Oddly, however, the Education Department for days was unable to cough up the name of a single school district where these notices had been delivered. Then, on Wednesday, Duncan appeared before the White House press corps and produced a name — Kanawha County in West Virginia — with a major-league caveat. “Whether it’s all sequester-related, I don’t know,” he said.



Duncan’s spokesman, Daren Briscoe, said in an e-mail that “the information shared on the call was that just over 100 teachers and Head Start teachers had received layoff notices.”



Unlike the dubious figure that “40,000 teachers could lose their jobs” — more on that below — this at least was specific information. So let’s check it out.
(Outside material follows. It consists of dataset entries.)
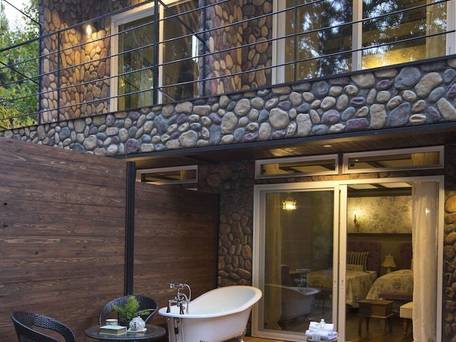 瀬々らぎの森 シャンブル ドット エトワールエフェ / 5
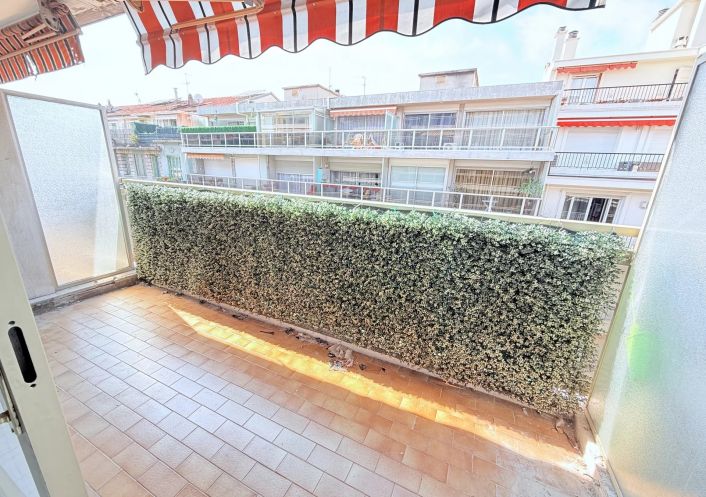 à vendre Appartement Nice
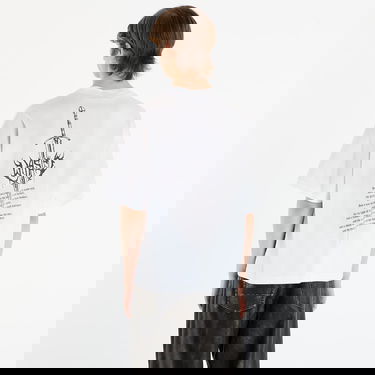 Tričko Wasted Paris T-shirt Sword Boxy Faded Biela | WP_000324, 2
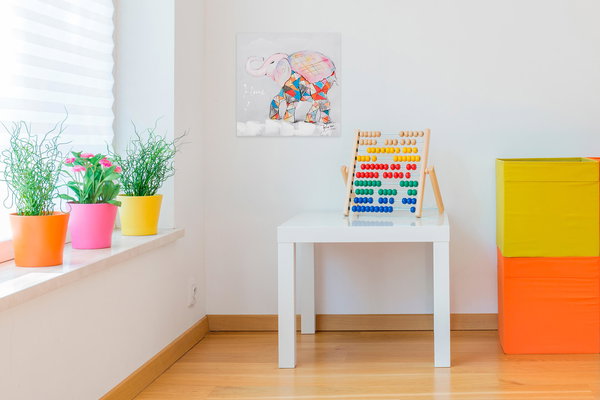 Gestalten Sie Ihre persönliche Galerie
The first thing that was striking about this figure of 100 teachers is that it was higher than the estimate in the state-by-state impact of the sequester released by the White House over the weekend. For the entire state of West Virginia, the White House said, “around 80 teacher and aide jobs [were] at risk,” plus an additional 40 teachers and aides for children with disabilities. And yet here, according to Duncan, was a single county with 100 potential layoffs.



But as we dug into it, the story got even odder. There were no news reports of pending layoffs. The school board was facing a $4.5 million shortfall, but just last month had landed a big victory worth as much as $3 million when the state Supreme Court ruled the district no longer had to help fund the county’s library.
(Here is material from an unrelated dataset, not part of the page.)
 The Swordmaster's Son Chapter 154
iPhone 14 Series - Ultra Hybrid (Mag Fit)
In fact, few in the county seemed to know what Duncan was talking about, including the education reporters who cover the school district for the Charleston, W.Va., newspapers. “There’s very little sequestration-related panic, at least on the education side of things,” one reporter said.



Washington Post colleague Lyndsey Layton helped unravel the mystery.



She discovered that these were not layoffs, but rather “transfer notices” sent to 104 Title I teachers for reasons unrelated to the sequestration cuts. (West Virginia is considering requiring counties to set aside 20 percent of their budgets for their lowest-achieving schools.)



Pam Padon, director of federal programs for the school system, told Layton that ultimately, five or six jobs might be lost though the state-mandated change. But in the meantime, the notices mean only that teachers might end up with a new assignment.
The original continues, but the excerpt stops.